Burscough () is a town and civil parish in West Lancashire in the ceremonial county of Lancashire, England. It is located to the north of Ormskirk and northwest of Skelmersdale.

The parish also includes the hamlet of Tarlscough and the Martin Mere Wetland Centre. The population taken at the 2011 Census was 9,182.

History and growth

A substantial Roman fort with an area of 30,000 m2 and dating from the 1st century was located here, as recently confirmed by  geophysical survey and aerial photos. This was linked to neighbouring forts in the region, especially the nearest at Wigan and Ribchester, and  provides insight into Roman military strategy. The area was then occupied over the course of hundreds of years, as shown by the variety of pottery found at the site.

Burscough developed later as a small farming village on a low ridge above the West Lancashire Coastal Plain, and has Viking roots – Burh-skogr = fortress in the woods. Of early importance to the village was Burscough Priory, the ruins of which stand to the southwest of the current settlement. The priory formerly housed the tombs of the Earls of Derby, a prominent family in the region, which are now to be found in Ormskirk parish church.

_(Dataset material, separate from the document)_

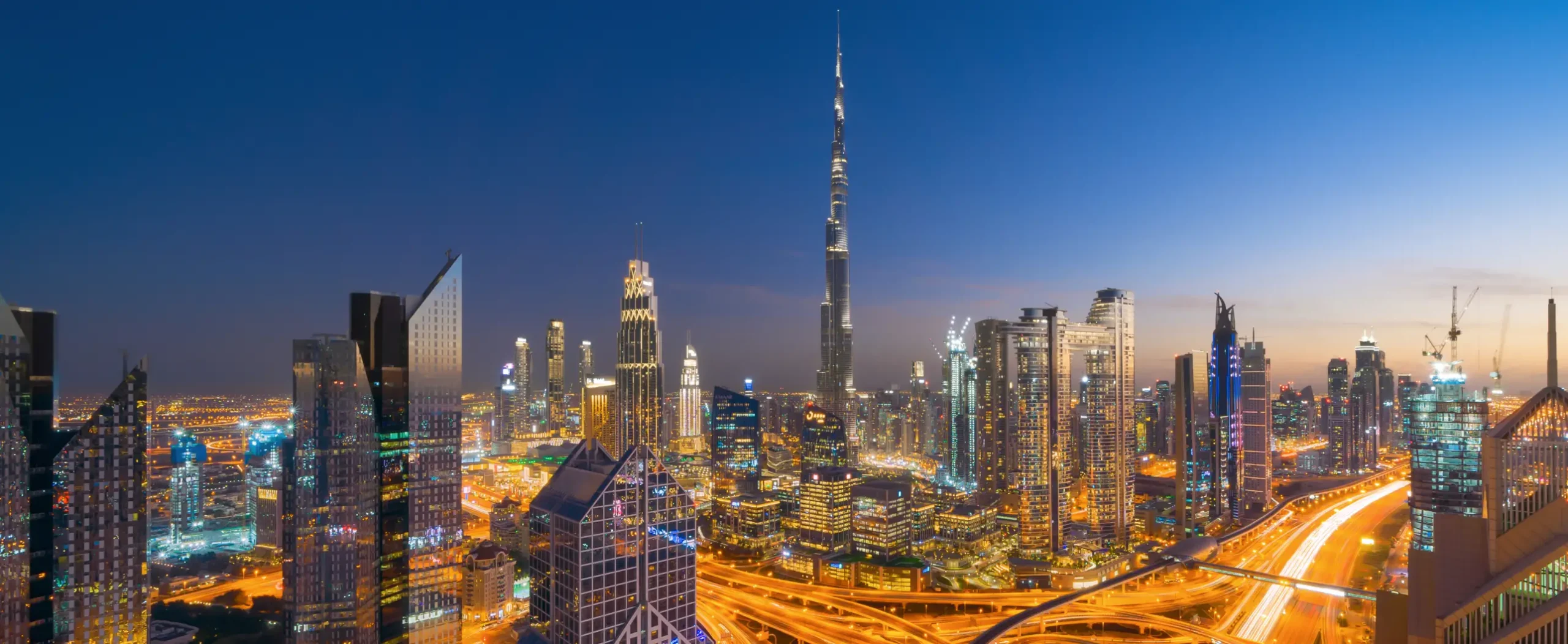 Dubai skyline with the Burj Khalifa and highway light trails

With the building of the Leeds and Liverpool Canal and the coming of the railways in the mid-18th century new developments took place north of the original village, in what came to be called Burscough Bridge, though the two communities have long since melded together.

For over a hundred years (from ) there was an Ordnance Depot on the eastern edge of Burscough, but this closed in 1996 and the site has been redeveloped into housing.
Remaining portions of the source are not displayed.